Berührungsängste mit der dunklen Seite des Internets hat Chefclub jedenfalls nicht. Im vergangenen Jahr flogen die Brüder für ein paar Monate ins Zensur-Land China, um zu expandieren. Zu Halloween sei das meistgeklickte Video eines von Chefclub mit 50 Millionen Klicks, sagt Thomas. Darin lernt man, wie man einen täuschend echten Teigdarm in Blutsoße zubereitet. Meistgeklickt in Deutschland ist übrigens eine Babybel-Variante von "Falscher Hase" mit 16 Millionen Aufrufen.

Thomas nennt die Rezept-Clips "Superieur Quality Content" und meint das ernst. Statt "besonders ekliger Videos" sagt er "unique positioning" und die Käse-Schinken-Massaker nennt er "Apéro" – also kleine Vorspeise. Waren die Brüder genervt vom Trend zu gesundem Essen? Auf keinen Fall, sagt Thomas. Mittlerweile gibt es sogar den Ableger "Light and fun" für kalorienarme Rezepte. Der Klickt allerdings nicht so gut.

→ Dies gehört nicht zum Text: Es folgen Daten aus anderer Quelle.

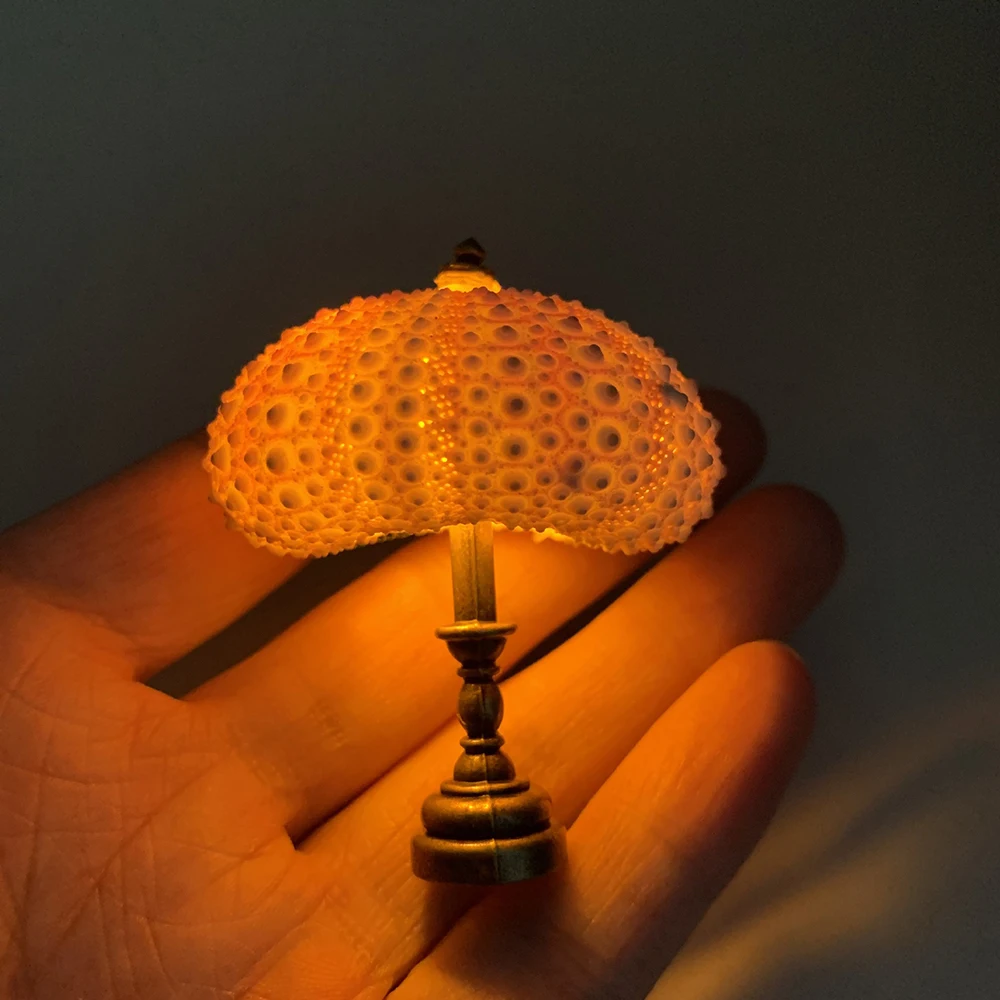 Novelty Mini DIY Retro Sea Urchin Night Lamp Lighting Handmade DIY Ornaments for Doll House Lights Accessories Birthday Gifts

Aber mal ehrlich der Cheddarblock im Truthahnbauch, der ist doch keine Geschmackssache – sondern objektiv eklig. Das muss er doch zugeben? "Wir bieten eine Show, um auf sehr umkämpften Plattformen zu bestehen", sagt Thomas diplomatisch. Als der Cheddar-Truthahn, wie alle Gerichte, in der Chefclub-Teamküche verkostet wurde, hat er sich allerdings zurückgehalten: Thomas und Axel sind Vegetarier.

Die Chefclub-Zuschauer und -Zuschauerinnen würden schon wissen, dass sie manchmal übertreiben und der Käseklumpen auch kleiner sein darf. "Niemand ist so weit darin gegangen, Essen unterhaltsam zu machen."

Ein Missverständnis will er noch ausräumen: "Obwohl alle das immer denken: Wenige Franzosen können richtig gut kochen." Eine davon ist allerdings die Mutter der drei Brüder: Eine Rohveganerin, die aus Gesundheitsgründen auch auf Kristallzucker verzichtet. Er und seine Brüder sind mit viel Sport und gesunder Ernährung aufgewachsen.